For the previous article, please see: Building a Culture of Experimentation: Don't Penalize Measurement
One of the most exciting things about getting an experimentation program up and running is that it’s one place in business where moves in KPIs have a direct tie-in to business value.
Of course, I’ve been in many business meetings over the course of my career where a chart or dashboard is put on screen that shows that this new feature added some extremely high revenue numbers, to great applause and back-patting around the table.
On the side of the meeting, in some Slack or Teams chat, there are likely data people frantically asking where/how someone arrived at that number, trying to make sure it wasn’t their data that had just been so spuriously correlated to revenue.
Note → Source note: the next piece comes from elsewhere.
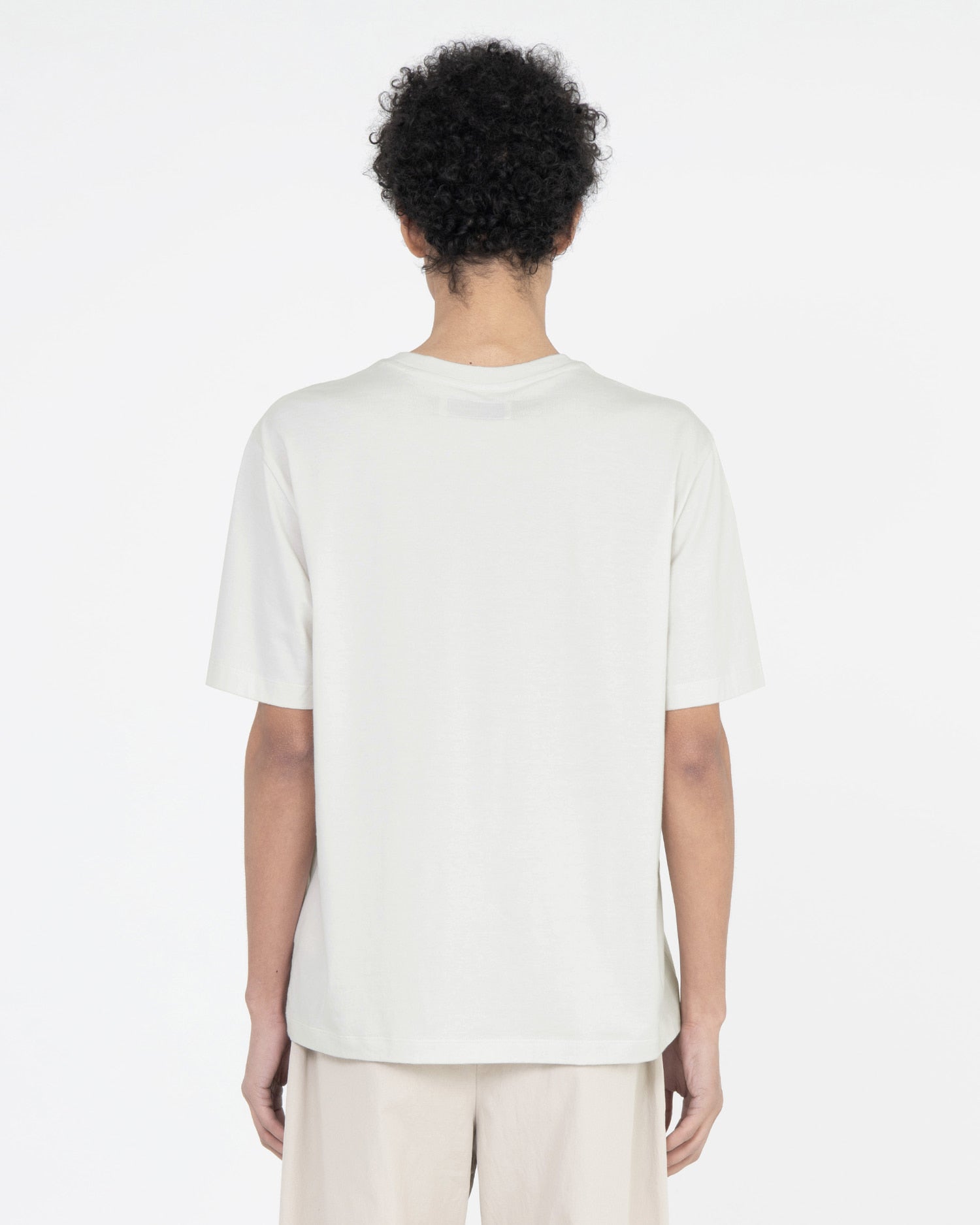 Brownyard - Extra Long Staple Essential T Shirt (Ivory) product image 2 | TRAB K-Fashion Australia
Those are the places I like to try and ask questions – probably to the annoyance of the backpatters – how we arrived at the value quantification on screen, and how we were sure to control for the million outside factors at play when our feature hit the market.
Did we forget to factor in the increase in marketing spend that happened just before the rollout? Did we roll our feature out as a part of a massive product release, where hundreds of new features were all being introduced to the customer at once? How can I confidently state that it was MY feature that caused all of this new money to come flowing in? What about the others?
Experimentation enables you to be much more confident that the results you’re seeing can be causally attributed to the new tactic that you released. An experiment creates robust new data about how users reacted to your product with, and without, your new feature, and by capturing data about:
- which user interacted with our new feature
- which user did not
- what did the user do after they interacted with our feature?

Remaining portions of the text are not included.